Task item –
Below is some data. Retype exactly the lines starting at the one with "She holds 1000" and ending at the one with "Scroll down the Settings".

Dataset records –
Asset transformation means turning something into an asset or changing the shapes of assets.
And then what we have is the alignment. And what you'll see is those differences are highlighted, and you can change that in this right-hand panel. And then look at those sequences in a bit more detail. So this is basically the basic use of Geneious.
...
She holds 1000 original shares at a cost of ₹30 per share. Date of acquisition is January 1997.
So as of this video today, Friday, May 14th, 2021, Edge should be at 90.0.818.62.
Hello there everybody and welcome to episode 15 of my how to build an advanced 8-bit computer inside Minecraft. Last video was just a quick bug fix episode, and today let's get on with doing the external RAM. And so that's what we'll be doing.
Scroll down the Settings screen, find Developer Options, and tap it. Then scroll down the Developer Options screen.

Solution to the problem –
She holds 1000 original shares at a cost of ₹30 per share. Date of acquisition is January 1997.
So as of this video today, Friday, May 14th, 2021, Edge should be at 90.0.818.62.
Hello there everybody and welcome to episode 15 of my how to build an advanced 8-bit computer inside Minecraft. Last video was just a quick bug fix episode, and today let's get on with doing the external RAM. And so that's what we'll be doing.
Scroll down the Settings screen, find Developer Options, and tap it. Then scroll down the Developer Options screen.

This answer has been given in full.